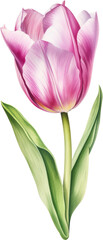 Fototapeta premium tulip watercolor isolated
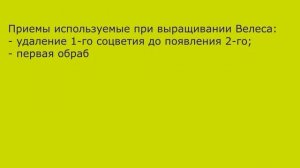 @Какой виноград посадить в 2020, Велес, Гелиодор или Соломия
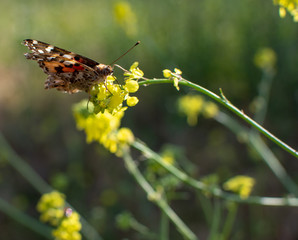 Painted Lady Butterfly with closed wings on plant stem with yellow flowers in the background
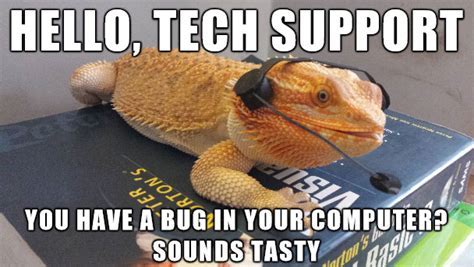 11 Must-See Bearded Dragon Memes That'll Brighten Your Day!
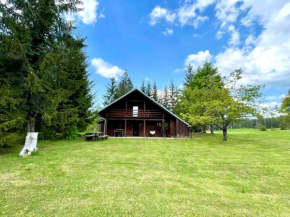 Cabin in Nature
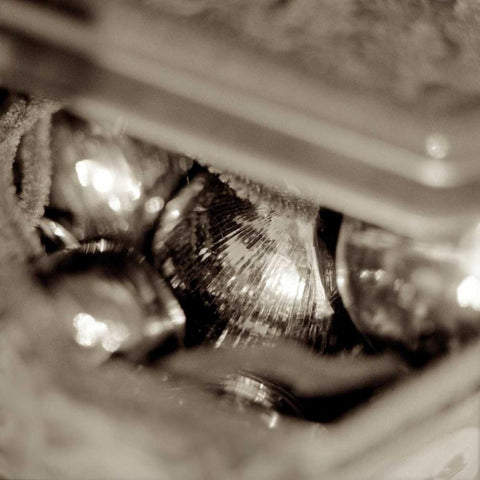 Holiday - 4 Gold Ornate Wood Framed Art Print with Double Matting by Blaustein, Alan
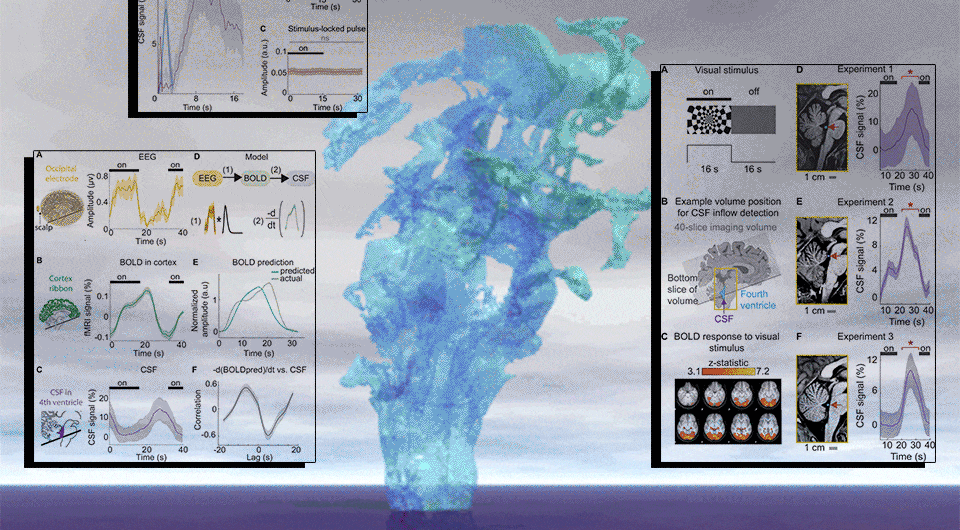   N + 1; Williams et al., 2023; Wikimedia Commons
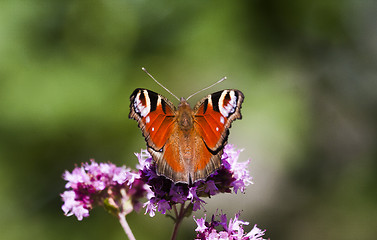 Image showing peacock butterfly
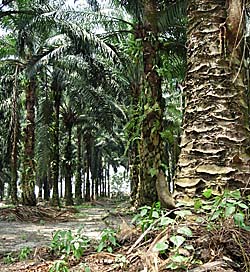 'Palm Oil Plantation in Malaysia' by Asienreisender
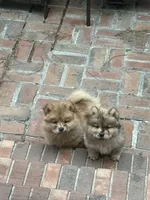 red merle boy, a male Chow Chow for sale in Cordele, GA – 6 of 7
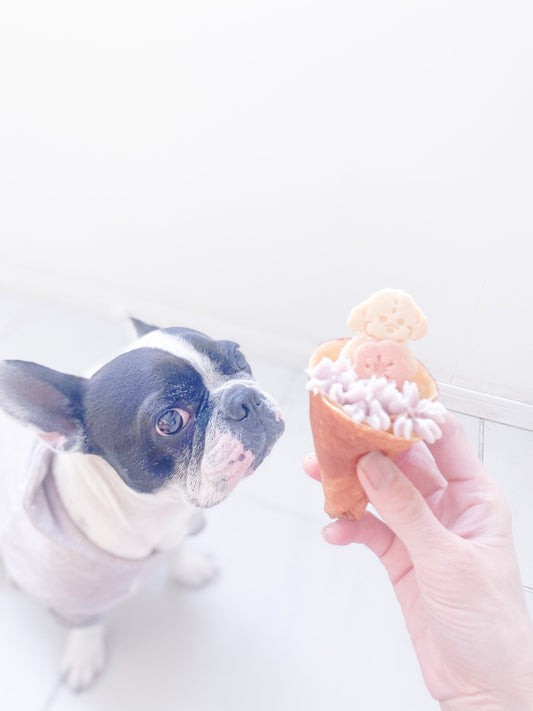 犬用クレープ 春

* EXERCISE DETAILS
Give back the material above exactly, without pictures.

* ANSWER AREA
 Fototapeta premium tulip watercolor isolated
 @Какой виноград посадить в 2020, Велес, Гелиодор или Соломия
 Painted Lady Butterfly with closed wings on plant stem with yellow flowers in the background
 11 Must-See Bearded Dragon Memes That'll Brighten Your Day!
 Cabin in Nature
 Holiday - 4 Gold Ornate Wood Framed Art Print with Double Matting by Blaustein, Alan
   N + 1; Williams et al., 2023; Wikimedia Commons
 Image showing peacock butterfly
 'Palm Oil Plantation in Malaysia' by Asienreisender
 red merle boy, a male Chow Chow for sale in Cordele, GA – 6 of 7
 犬用クレープ 春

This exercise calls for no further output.